Login events can help unify identity across browsers, devices, and sessions. In such a sense, it is there can be a single user identity for all his/her interaction with your website, regardless of the device s/he used or the fact that he was logged in or not.
Different approaches can be used to handle tying back events happening before the login event to the user’s identity.
Cookies matching is one such technique where if events have previously been sent to the server, they can be tied back to the resolved identity through a lookup. For instance, if we had an anonymous visitor id set up on desktop and mobile, which resolved to one logged-in identity, the data related to these users could be traced back from the following matching table:
Matching data could be provided to the server on the login event and all other data provided using the pseudonymous visitor_id.
Event Push, using the local storage of the browser, it is possible to cache browsing events on the browser until one’s identity has been resolved.
The above picture explains how the behavior would work. If a given visitor identified with visitor id 2020, visited the website on four occasions. On the first and second sessions that the user would show up on the website, the data would start to get accumulated in the browser storage with no data being pushed to the server. In the third session, until the login event happens, the data would continue to be accumulated within the browser but once the login event happened and the user’s identity has been resolved to userid: 123, the data is sent to the server and the event data within the browser storage. In the fourth session, since the identity has been previously resolved, the event data can directly be sent to the server.
At the heart of this data collection effort is the customer profile, a repository of data at the user level that contains all the relevant attributes and event history of a customer. This information can be retrieved when a user logs in to personalize his/her experience in a consistent way across devices.
The data in the customer profile can then be used to fulfill different personalization use cases. Retrieving historical data stored in the customer profile for display, retrieving different scores previously computed, or retrieving features needed to feed a recommendation model.

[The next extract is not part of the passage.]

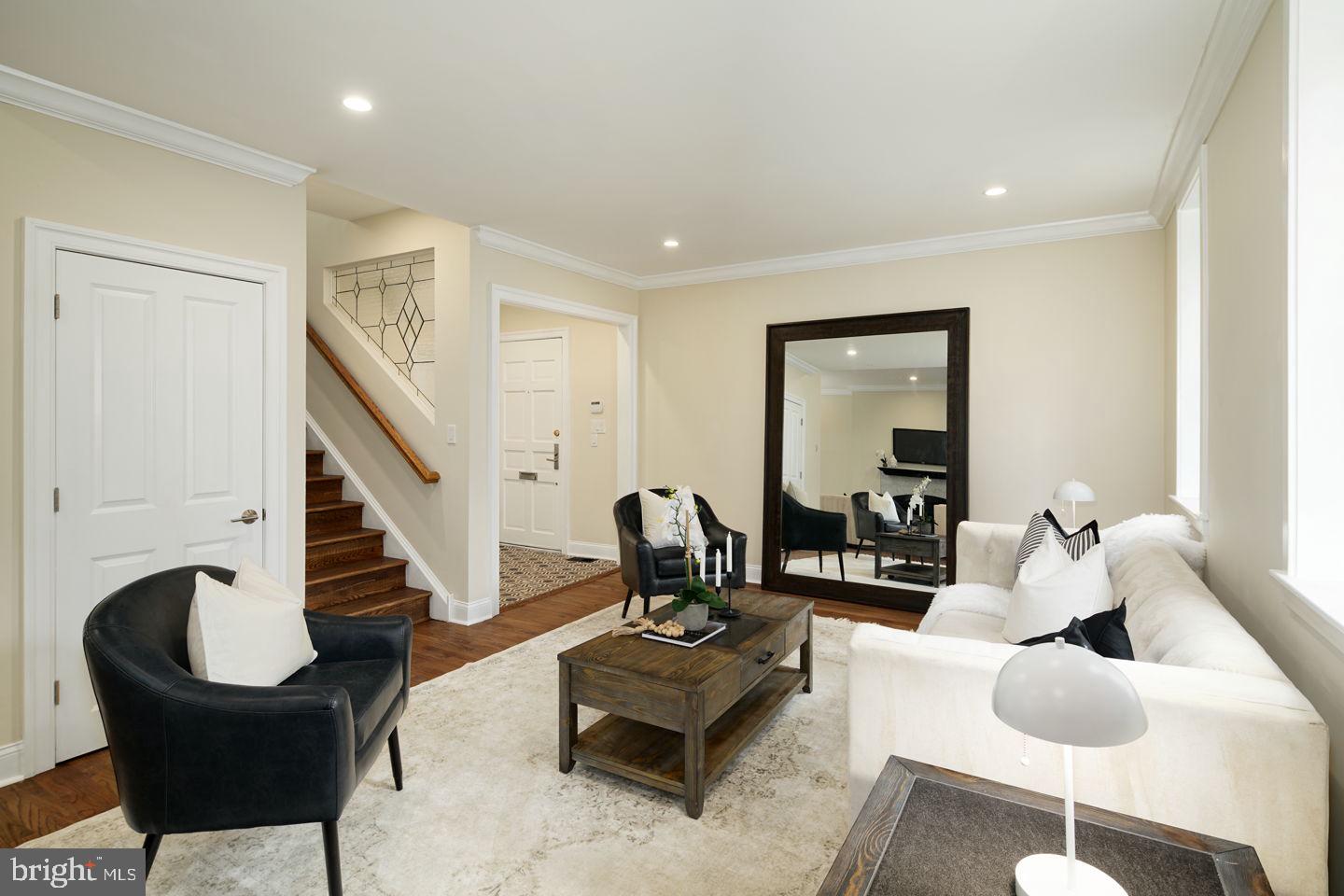 538 Spruce Street Philadelphia, PA 19106 - Photo 2 of 50 Living Room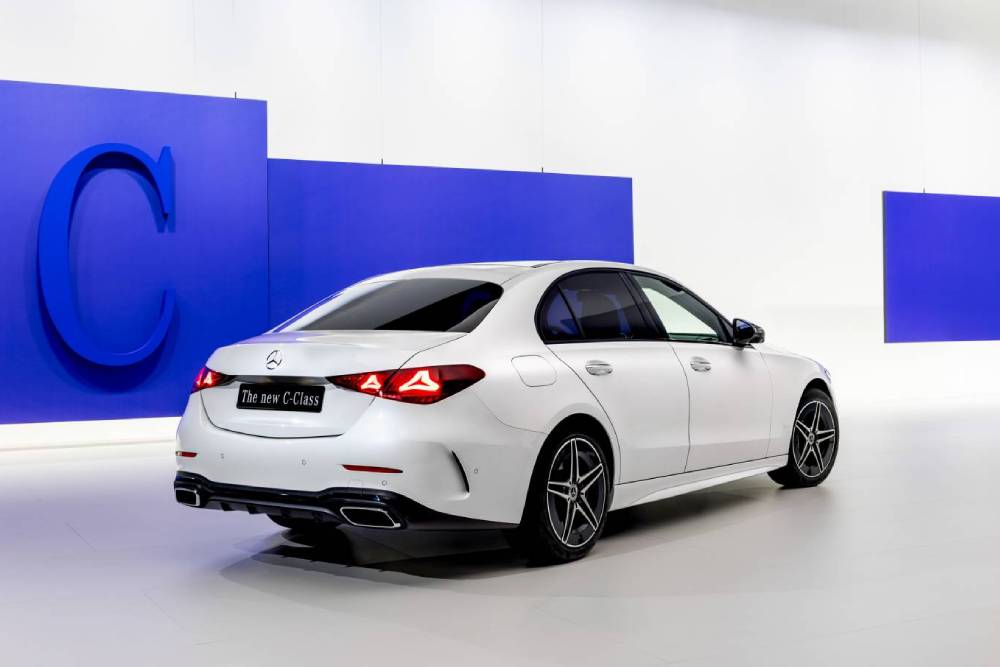 https://cdn.autogreeknews.gr/wp-content/uploads/2026/08/new-mercedes-c-class-5.jpg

Amazon uses different types of personalization on its website; for instance, besides the previously mentioned user-item content block, they also rely on more straightforward personalization mechanisms such as retrieving your browsing history or past purchases.

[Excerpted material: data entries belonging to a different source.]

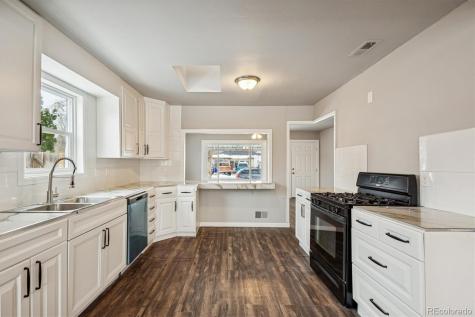 1680 Newark Street Aurora CO 80010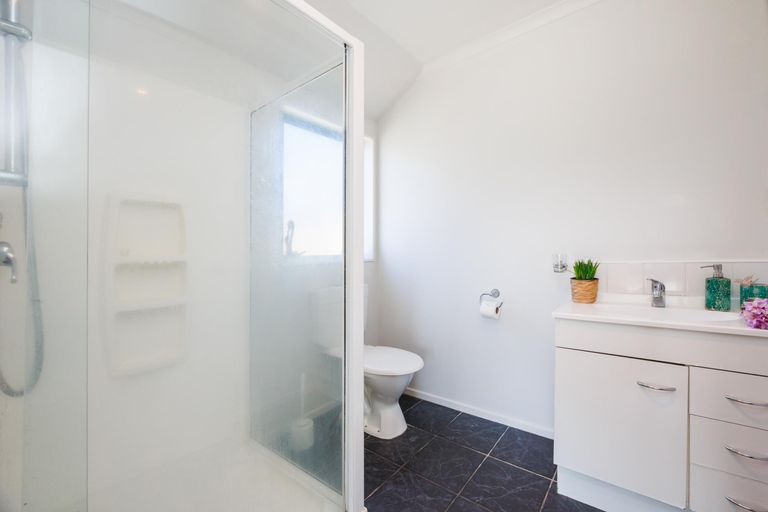 Photo of property in 20 Johnstone Drive, Fitzherbert, Palmerston North, 4410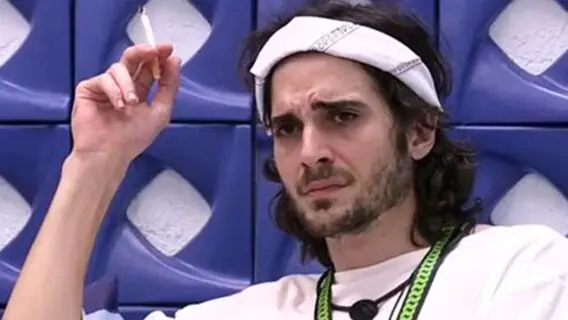 BBB21: quantidade de cigarros de Fiuk choca os fãs; veja o vídeo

TIn the above example, data is extracted from a customer profile to feed a recommendation model. Historical data can be used to provide a deeper and more relevant recommendation to the users.

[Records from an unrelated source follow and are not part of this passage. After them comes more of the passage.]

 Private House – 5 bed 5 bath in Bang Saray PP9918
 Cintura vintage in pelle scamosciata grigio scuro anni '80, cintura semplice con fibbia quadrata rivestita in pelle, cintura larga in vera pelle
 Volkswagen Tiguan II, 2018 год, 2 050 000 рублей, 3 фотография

Certain identifiers can be used to match identities across channels. Within an omnichannel setup, the golden record “360 Customer profile” serves as a holistic view of the customer across all interaction touchpoints.
Data from marketing and CRM automation software can easily be tied back at the customer level using email as a matching key. Tracking identifiers can further be used in these emails to match data from the marketing automation software with website data, potentially offering session matching identifiers between the two systems.
Interaction with customer service typically happens in one of three flavors: calls, emails, and chat. These interaction points’ data can be integrated using any user or order level identifier. Matching can be done at the time of processing the customer’s request doing a lookup in the system for any provided identifier. When using onsite chat widgets and forum support, it is further possible to tie customer contact and requests directly to a session identifier.
For point of sales, loyalty cards and programs allows us to have a link from sales to unique customers, regardless of payment method. Data points such as email address, phone number, name & address can be used as identifiers to merge customer data points into a unique profile. In the case of card payment, card fingerprints can be used as an additional identifier for matching purposes. These identifiers can be used to merge the available basket purchase data with online data.